**Data to process:**
-- Opening Marker --
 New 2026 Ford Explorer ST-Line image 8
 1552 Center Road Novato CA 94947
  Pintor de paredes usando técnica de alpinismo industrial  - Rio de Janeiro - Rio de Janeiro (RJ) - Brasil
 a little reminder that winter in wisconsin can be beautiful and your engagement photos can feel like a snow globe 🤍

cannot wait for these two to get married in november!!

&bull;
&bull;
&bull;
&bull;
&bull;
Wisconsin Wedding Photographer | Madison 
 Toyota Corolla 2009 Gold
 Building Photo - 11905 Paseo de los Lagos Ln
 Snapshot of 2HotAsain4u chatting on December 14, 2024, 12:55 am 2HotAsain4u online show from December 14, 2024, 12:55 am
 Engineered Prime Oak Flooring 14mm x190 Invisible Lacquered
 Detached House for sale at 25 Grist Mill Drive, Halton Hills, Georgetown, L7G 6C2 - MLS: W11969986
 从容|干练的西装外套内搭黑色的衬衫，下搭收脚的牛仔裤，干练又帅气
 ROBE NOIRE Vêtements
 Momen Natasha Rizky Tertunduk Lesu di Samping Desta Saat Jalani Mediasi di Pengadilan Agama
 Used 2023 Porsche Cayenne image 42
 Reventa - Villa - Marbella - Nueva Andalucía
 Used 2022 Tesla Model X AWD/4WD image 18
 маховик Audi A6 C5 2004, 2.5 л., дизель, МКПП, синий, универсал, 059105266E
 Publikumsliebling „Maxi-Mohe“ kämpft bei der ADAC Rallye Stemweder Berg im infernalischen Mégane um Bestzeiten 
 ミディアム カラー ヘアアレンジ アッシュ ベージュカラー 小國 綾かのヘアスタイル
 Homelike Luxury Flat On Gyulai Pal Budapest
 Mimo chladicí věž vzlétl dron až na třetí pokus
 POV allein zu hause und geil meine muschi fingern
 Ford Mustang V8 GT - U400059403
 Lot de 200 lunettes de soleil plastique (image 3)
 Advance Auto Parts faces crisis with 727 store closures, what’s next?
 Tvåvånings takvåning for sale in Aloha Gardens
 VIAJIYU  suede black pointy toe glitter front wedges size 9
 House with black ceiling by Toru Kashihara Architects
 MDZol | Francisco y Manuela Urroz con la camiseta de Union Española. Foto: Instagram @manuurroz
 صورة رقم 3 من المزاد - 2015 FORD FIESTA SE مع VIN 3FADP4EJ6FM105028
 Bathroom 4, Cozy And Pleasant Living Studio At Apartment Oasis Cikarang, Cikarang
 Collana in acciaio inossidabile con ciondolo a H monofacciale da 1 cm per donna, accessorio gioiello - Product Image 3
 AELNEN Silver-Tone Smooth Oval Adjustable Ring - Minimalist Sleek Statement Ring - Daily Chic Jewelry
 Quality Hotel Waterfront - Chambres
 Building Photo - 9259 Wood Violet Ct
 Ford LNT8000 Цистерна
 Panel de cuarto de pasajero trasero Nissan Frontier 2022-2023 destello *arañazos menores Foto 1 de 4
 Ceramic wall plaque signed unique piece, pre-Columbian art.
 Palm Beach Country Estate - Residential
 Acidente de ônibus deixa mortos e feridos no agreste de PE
-- Closing Marker --
**Task prompt:**
Your task is to retype the entries verbatim, starting with the line that holds "a little reminder" and stopping after the line that holds "House with black".

**Exercise solution:**
 a little reminder that winter in wisconsin can be beautiful and your engagement photos can feel like a snow globe 🤍

cannot wait for these two to get married in november!!

&bull;
&bull;
&bull;
&bull;
&bull;
Wisconsin Wedding Photographer | Madison 
 Toyota Corolla 2009 Gold
 Building Photo - 11905 Paseo de los Lagos Ln
 Snapshot of 2HotAsain4u chatting on December 14, 2024, 12:55 am 2HotAsain4u online show from December 14, 2024, 12:55 am
 Engineered Prime Oak Flooring 14mm x190 Invisible Lacquered
 Detached House for sale at 25 Grist Mill Drive, Halton Hills, Georgetown, L7G 6C2 - MLS: W11969986
 从容|干练的西装外套内搭黑色的衬衫，下搭收脚的牛仔裤，干练又帅气
 ROBE NOIRE Vêtements
 Momen Natasha Rizky Tertunduk Lesu di Samping Desta Saat Jalani Mediasi di Pengadilan Agama
 Used 2023 Porsche Cayenne image 42
 Reventa - Villa - Marbella - Nueva Andalucía
 Used 2022 Tesla Model X AWD/4WD image 18
 маховик Audi A6 C5 2004, 2.5 л., дизель, МКПП, синий, универсал, 059105266E
 Publikumsliebling „Maxi-Mohe“ kämpft bei der ADAC Rallye Stemweder Berg im infernalischen Mégane um Bestzeiten 
 ミディアム カラー ヘアアレンジ アッシュ ベージュカラー 小國 綾かのヘアスタイル
 Homelike Luxury Flat On Gyulai Pal Budapest
 Mimo chladicí věž vzlétl dron až na třetí pokus
 POV allein zu hause und geil meine muschi fingern
 Ford Mustang V8 GT - U400059403
 Lot de 200 lunettes de soleil plastique (image 3)
 Advance Auto Parts faces crisis with 727 store closures, what’s next?
 Tvåvånings takvåning for sale in Aloha Gardens
 VIAJIYU  suede black pointy toe glitter front wedges size 9
 House with black ceiling by Toru Kashihara Architects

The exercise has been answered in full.